When it comes to big environments, using the default configuration and let all proxies that process VMs backups passing through a single gateway server, to write data on the Data Domain, could not be the best option. Gateway server is a component that must be properly sized to avoid bottlenecks along the way to the repository and, if it is not explicitly fixed in the repository configuration, one will be picked based on the software logic (see selection algorithm).

Rather than using the default configuration, this document provides guidelines to achieve the maximum parallelism by having all the proxies writing on a different repository (proxy and gateway roles are on the same server). To reduce management overhead, all the Dell EMC Data Domain repositories will be grouped in a single Scale-out Backup Repository.

Gateway server role explained

From the user guide:

A gateway server is an auxiliary backup infrastructure component that “bridges” the backup server and backup repository. The gateway server is required if you deploy the following types of backup repositories in the backup infrastructure:

  • Shared folder backup repositories

  • Dell EMC Data Domain deduplicating storage appliance

  • HPE StoreOnce deduplicating storage appliance

Shared folder repositories, EMC Data Domain and HPE StoreOnce cannot host Data Mover Services — Veeam components that establish a connection between a backup proxy and backup repository (in case of backup jobs) or between backup repositories (in case of backup copy jobs). To overcome this limitation, Veeam Backup & Replication uses gateway servers. In the backup infrastructure, a gateway server hosts the target Veeam Data Mover.
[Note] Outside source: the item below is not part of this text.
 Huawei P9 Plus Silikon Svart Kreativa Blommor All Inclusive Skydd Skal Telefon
Veeam Backup & Replication establishes a connection between the source Veeam Data Mover and target Veeam Data Mover, and transports data from/to backup repositories via gateway servers.
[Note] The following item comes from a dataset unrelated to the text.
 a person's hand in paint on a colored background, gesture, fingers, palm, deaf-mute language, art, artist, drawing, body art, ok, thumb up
gateway server architecture

Selection Algorithm

Tye of job

Gateway server

Synthetic operations

Backup job

Backup proxy that was assigned the first to process VM data for a backup job.

Synthetic operations are performed on the mount server associated with the backup repository. If the mount server is not accessible, Veeam Backup & Replication fails over to the backup server.

Backup copy job

Direct data path: mount server associated with the backup repository. If the mount server is not accessible, Veeam Backup & Replication fails over to the backup server. Over WAN accelerators: source and/or target WAN accelerator (depending on the shared folder backup repository location).

Synthetic operations are performed on the mount server associated with the backup repository. If the mount server is not accessible, Veeam Backup & Replication fails over to the backup server. These rules are applied to the direct data path and processing over WAN accelerators.

Tape job

If there is a direct connection between a backup repository and tape device, the role of a gateway server is assigned to the tape server. Otherwise the role of a gateway server is assigned to the backup server.

Synthetic operations are performed on the mount server associated with the backup repository. If the mount server is not accessible, Veeam Backup & Replication fails over to the backup server.

Restore operations

Backup proxy used for a restore operation

-

Replication from backup

Target backup proxy assigned for a replication operation

-

DataDomain MTree

MTree overview and limits

Dell EMC defines an MTree as logical partitions of the file system and they are identified by a unique name. MTrees are used to create (protocols can be mixed, except VTL):

  • DD Boost storage units

  • VTL pools

  • NFS/SMB shares

MTrees allow granular management of snapshots and quotas. Quotas apply only to logical data written to an MTree.

There is a fixed amount of MTrees that can be create on a Data Domain system and it depends by the model and DD OS version.

DataDomain system

DD OS version

Configurable MTree's

Concurrently Active MTree's

DD9800

6.0+

256

256

DD9500

5.7+

256

256

DD6800, DD9300

6.0+

128

128

DD6300

6.0+

100

32

DD990, DD4200, DD4500, DD7200

5.7+

128

128

All other DD systems

5.7+

100

up to 32

MTree attributes and statistics

Item

Description

MTree Name

The pathname of the MTree (/data/col1/mtree-name).

Quota Hard Limit

Percentage of hard limit quota used.

Quota Soft Limit

Percentage of soft limit quota used.

Last 24 Hr Pre-Comp

Amount of raw data from the backup application that has been written in the last 24 hours.

Last 24 Hr Post-Comp

Amount of storage used after compression in the last 24 hours.

Last 24 Hr Comp Ratio

The compression ratio for the last 24 hours.

Weekly Avg Post-Comp

Average amount of compressed storage used in the last five weeks.

Last Week Post-Comp

Average amount of compressed storage used in the last seven days.

Weekly Avg Comp Ratio

The average compression ratio for the last five weeks.

Last Week Comp Ratio

The average compression ratio for the last seven days.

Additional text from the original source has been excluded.